▶ The data:
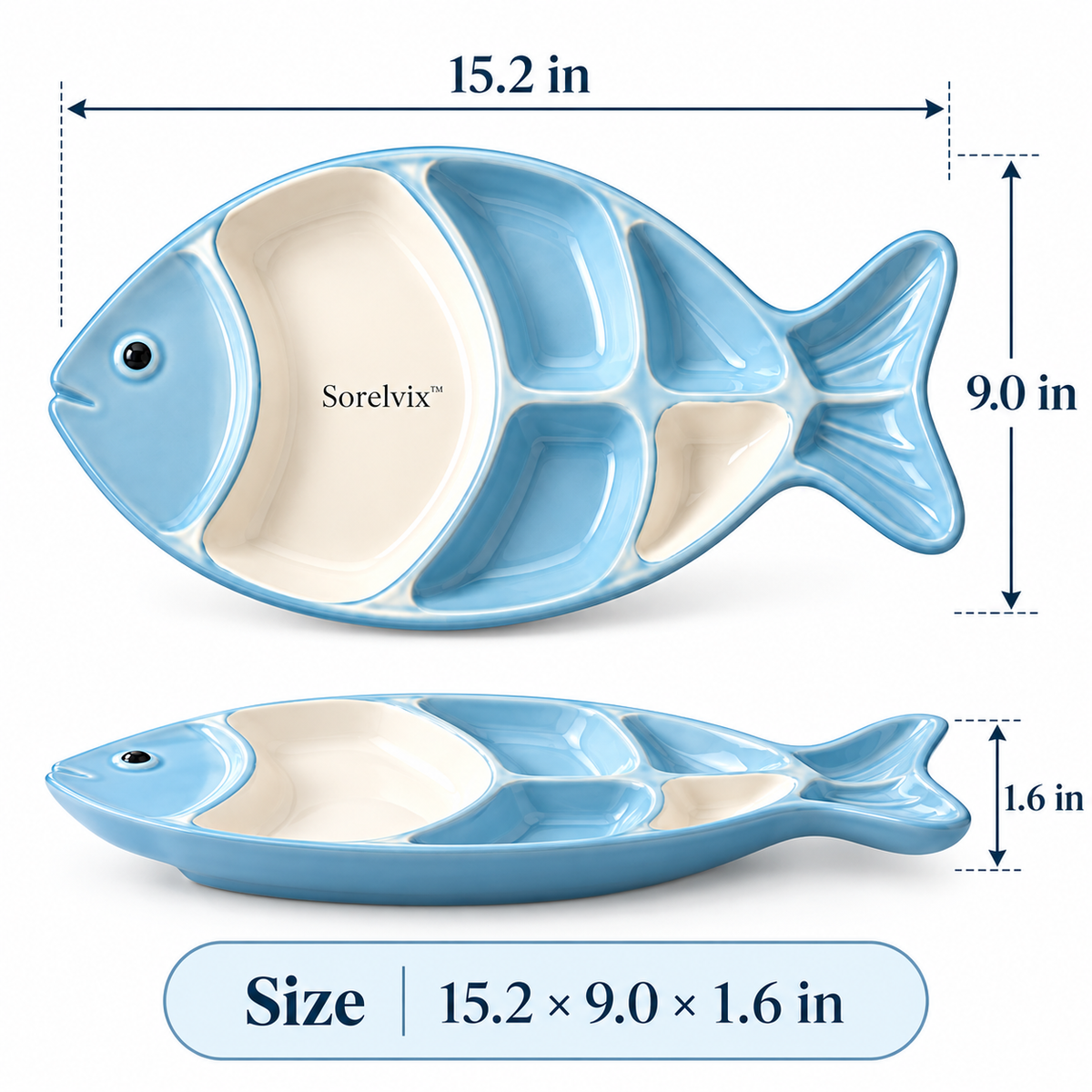Sorelvix™ Coastal Fish Divided Serving Platter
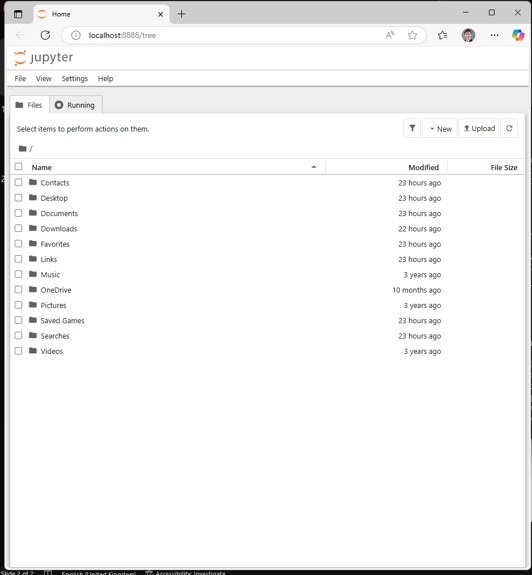 Jupyter file browser interface showing folder structure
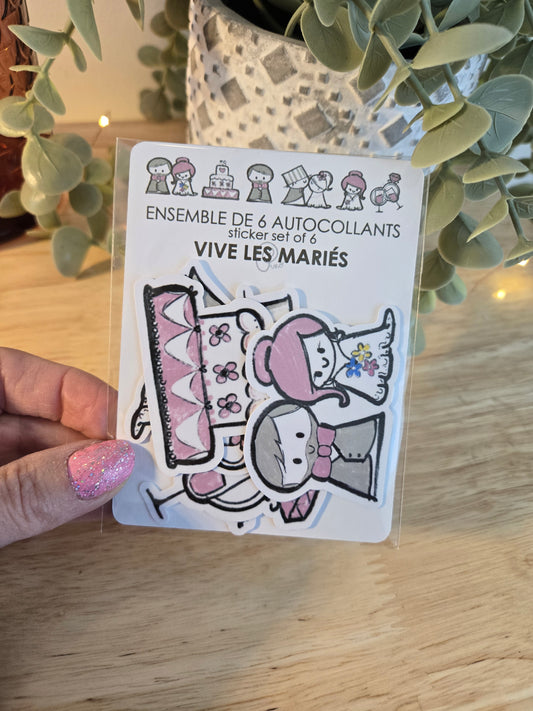 Ensemble d'autocollants 2po - VIVE LES MARIÉS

▶ Directions: No pictures should appear in the copy; write out exactly the lines from the one containing "Jupyter file browser" through the end of the material.

▶ Answer:
 Jupyter file browser interface showing folder structure
 Ensemble d'autocollants 2po - VIVE LES MARIÉS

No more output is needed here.